(WHAT YOU NEED TO DO) After finding the line with "Be careful when" in the entries below, retype exactly each line from there through the line with "Next we have", including that final line.

(SOURCE DATA)
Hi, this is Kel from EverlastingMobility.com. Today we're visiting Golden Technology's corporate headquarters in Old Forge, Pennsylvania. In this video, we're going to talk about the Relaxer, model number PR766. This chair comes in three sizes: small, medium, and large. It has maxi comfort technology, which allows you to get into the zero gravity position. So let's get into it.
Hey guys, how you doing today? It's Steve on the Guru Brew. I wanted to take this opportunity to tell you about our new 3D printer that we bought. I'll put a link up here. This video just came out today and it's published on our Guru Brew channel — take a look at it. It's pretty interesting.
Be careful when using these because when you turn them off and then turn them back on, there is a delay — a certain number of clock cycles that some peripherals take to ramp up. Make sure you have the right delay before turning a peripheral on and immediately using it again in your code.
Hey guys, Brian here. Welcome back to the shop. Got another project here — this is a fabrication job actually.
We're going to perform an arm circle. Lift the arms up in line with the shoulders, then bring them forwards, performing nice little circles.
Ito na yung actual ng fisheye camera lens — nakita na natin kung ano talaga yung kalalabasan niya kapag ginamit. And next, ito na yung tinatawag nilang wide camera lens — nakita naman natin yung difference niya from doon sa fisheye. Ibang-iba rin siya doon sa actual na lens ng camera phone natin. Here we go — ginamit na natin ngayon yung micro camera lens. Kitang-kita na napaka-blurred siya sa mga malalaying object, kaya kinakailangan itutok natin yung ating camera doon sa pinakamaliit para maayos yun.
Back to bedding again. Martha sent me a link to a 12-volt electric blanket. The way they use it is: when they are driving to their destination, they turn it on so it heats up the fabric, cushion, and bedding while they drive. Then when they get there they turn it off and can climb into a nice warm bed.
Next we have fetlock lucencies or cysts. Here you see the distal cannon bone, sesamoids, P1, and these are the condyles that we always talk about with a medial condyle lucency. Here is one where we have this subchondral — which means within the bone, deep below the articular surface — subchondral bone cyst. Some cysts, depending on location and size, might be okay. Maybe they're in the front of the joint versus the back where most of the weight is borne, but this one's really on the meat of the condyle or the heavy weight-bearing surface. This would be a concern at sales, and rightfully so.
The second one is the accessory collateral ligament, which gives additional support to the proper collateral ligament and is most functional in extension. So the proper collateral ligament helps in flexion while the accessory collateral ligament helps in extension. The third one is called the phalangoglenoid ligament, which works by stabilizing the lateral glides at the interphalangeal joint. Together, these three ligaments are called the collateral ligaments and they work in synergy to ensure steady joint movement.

(PROBLEM SOLUTION)
Be careful when using these because when you turn them off and then turn them back on, there is a delay — a certain number of clock cycles that some peripherals take to ramp up. Make sure you have the right delay before turning a peripheral on and immediately using it again in your code.
Hey guys, Brian here. Welcome back to the shop. Got another project here — this is a fabrication job actually.
We're going to perform an arm circle. Lift the arms up in line with the shoulders, then bring them forwards, performing nice little circles.
Ito na yung actual ng fisheye camera lens — nakita na natin kung ano talaga yung kalalabasan niya kapag ginamit. And next, ito na yung tinatawag nilang wide camera lens — nakita naman natin yung difference niya from doon sa fisheye. Ibang-iba rin siya doon sa actual na lens ng camera phone natin. Here we go — ginamit na natin ngayon yung micro camera lens. Kitang-kita na napaka-blurred siya sa mga malalaying object, kaya kinakailangan itutok natin yung ating camera doon sa pinakamaliit para maayos yun.
Back to bedding again. Martha sent me a link to a 12-volt electric blanket. The way they use it is: when they are driving to their destination, they turn it on so it heats up the fabric, cushion, and bedding while they drive. Then when they get there they turn it off and can climb into a nice warm bed.
Next we have fetlock lucencies or cysts. Here you see the distal cannon bone, sesamoids, P1, and these are the condyles that we always talk about with a medial condyle lucency. Here is one where we have this subchondral — which means within the bone, deep below the articular surface — subchondral bone cyst. Some cysts, depending on location and size, might be okay. Maybe they're in the front of the joint versus the back where most of the weight is borne, but this one's really on the meat of the condyle or the heavy weight-bearing surface. This would be a concern at sales, and rightfully so.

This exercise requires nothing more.